Once your senses adjust, you can edge through these spines that comprise Shilpa Gupta’s sound installation, For, In Your Tongue, I Cannot Fit (2017 – 2018). Rising up to waist height, the spears forge a constricted path. Each pierces a leaf of paper bearing fragments of the spoken verses, written by a poet incarcerated for their beliefs. It is a panoply of resistance spanning time and place, with the words of dissident writers such as Maung Saungkha from Myanmar, arrested in 2016 for his risqué claim that he had a tattoo of the president inked on his penis, melding with those of Ayat al-Qurmezi, jailed in 2011 for supposedly defaming Bahrain’s royalty.

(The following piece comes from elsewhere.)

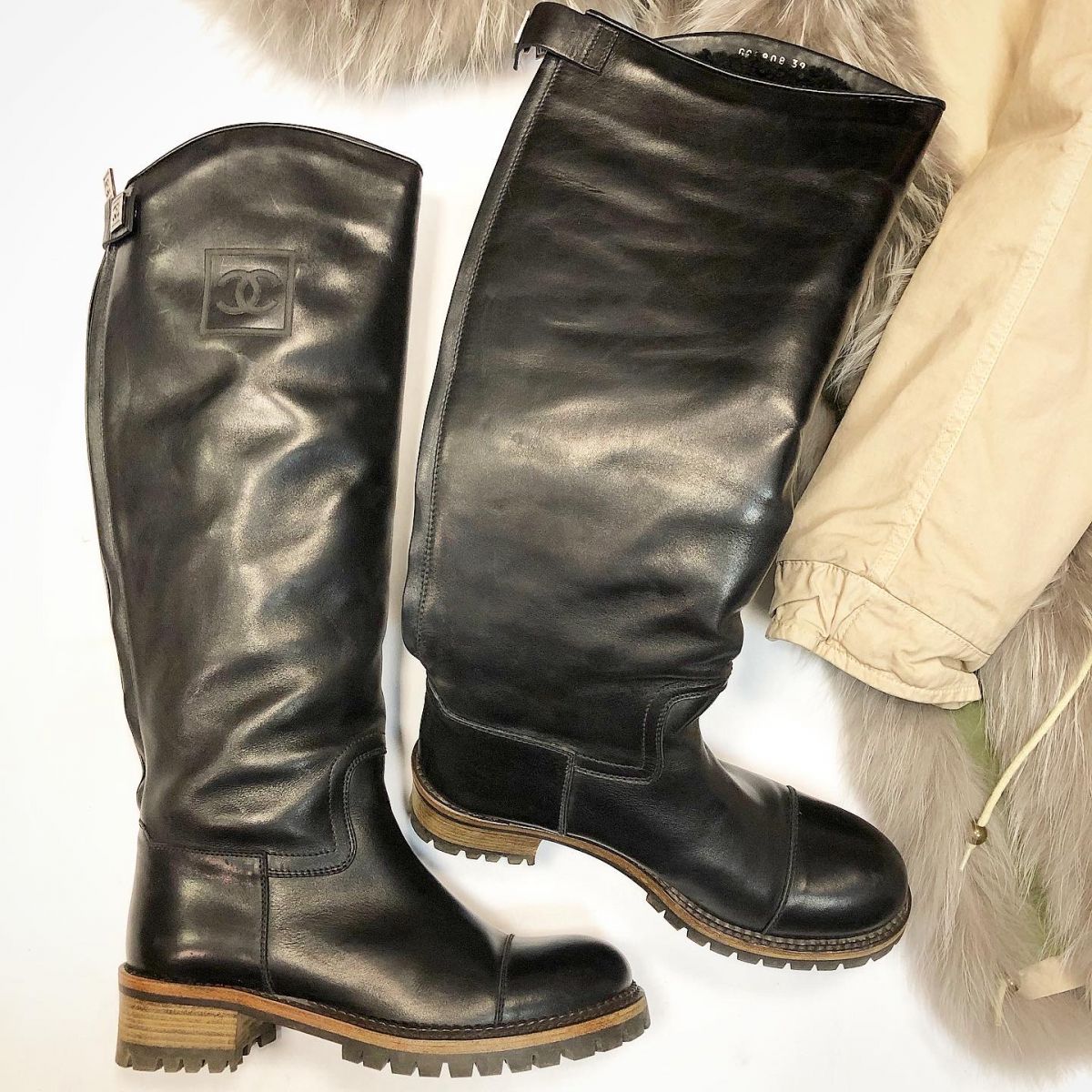 Сапоги / на меху / Chanel  размер39 цена 30 770 руб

The enveloping piece is part of Gupta’s poignant exhibition ‘Sun at Night’ at the Barbican Curve. In a year when the Nobel Peace Prize has been awarded to two journalists, Maria Ressa of the Philippines and Dmitry Muratov of Russia, for their courageous advocacy and practice of press freedom, and when digital censorship is alarmingly on the rise, the show is a testament to the force of words and the fragility of our commitment to free speech.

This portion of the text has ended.